**** Available data ****
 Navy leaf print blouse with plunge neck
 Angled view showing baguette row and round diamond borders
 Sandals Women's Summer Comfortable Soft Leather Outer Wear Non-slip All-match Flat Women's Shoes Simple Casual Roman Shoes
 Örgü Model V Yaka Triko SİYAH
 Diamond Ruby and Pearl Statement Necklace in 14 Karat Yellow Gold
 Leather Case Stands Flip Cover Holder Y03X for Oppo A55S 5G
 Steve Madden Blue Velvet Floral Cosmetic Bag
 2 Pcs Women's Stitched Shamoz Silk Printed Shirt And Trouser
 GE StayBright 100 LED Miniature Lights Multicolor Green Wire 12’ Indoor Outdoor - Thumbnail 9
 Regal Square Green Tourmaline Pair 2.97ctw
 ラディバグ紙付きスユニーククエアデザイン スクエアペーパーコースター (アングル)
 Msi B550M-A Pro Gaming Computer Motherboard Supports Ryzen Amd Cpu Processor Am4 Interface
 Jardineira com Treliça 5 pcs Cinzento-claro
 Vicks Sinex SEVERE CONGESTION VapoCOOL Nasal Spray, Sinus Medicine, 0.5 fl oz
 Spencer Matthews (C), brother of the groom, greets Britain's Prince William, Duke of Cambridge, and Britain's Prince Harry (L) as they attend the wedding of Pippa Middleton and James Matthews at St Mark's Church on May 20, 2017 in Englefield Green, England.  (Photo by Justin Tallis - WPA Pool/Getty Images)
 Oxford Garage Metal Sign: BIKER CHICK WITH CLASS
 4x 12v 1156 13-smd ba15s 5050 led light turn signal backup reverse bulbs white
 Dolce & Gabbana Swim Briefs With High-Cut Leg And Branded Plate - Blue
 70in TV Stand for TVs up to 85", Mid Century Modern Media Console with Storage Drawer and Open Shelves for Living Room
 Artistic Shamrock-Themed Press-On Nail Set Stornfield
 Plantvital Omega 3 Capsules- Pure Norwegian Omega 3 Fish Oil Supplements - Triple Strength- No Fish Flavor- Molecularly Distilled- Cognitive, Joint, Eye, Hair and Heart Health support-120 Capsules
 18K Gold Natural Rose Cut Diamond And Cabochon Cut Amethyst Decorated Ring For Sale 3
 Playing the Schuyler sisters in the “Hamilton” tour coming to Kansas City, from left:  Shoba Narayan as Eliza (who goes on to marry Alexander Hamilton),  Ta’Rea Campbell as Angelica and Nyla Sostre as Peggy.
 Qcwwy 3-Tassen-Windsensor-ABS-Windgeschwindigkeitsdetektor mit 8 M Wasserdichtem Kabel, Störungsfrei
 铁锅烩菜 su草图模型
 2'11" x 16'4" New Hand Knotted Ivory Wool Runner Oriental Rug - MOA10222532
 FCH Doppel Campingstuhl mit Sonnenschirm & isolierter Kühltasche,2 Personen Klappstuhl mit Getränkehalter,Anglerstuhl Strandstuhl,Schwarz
****
Every line in the data that holds the string "Women" should be copied.

 Sandals Women's Summer Comfortable Soft Leather Outer Wear Non-slip All-match Flat Women's Shoes Simple Casual Roman Shoes
 2 Pcs Women's Stitched Shamoz Silk Printed Shirt And Trouser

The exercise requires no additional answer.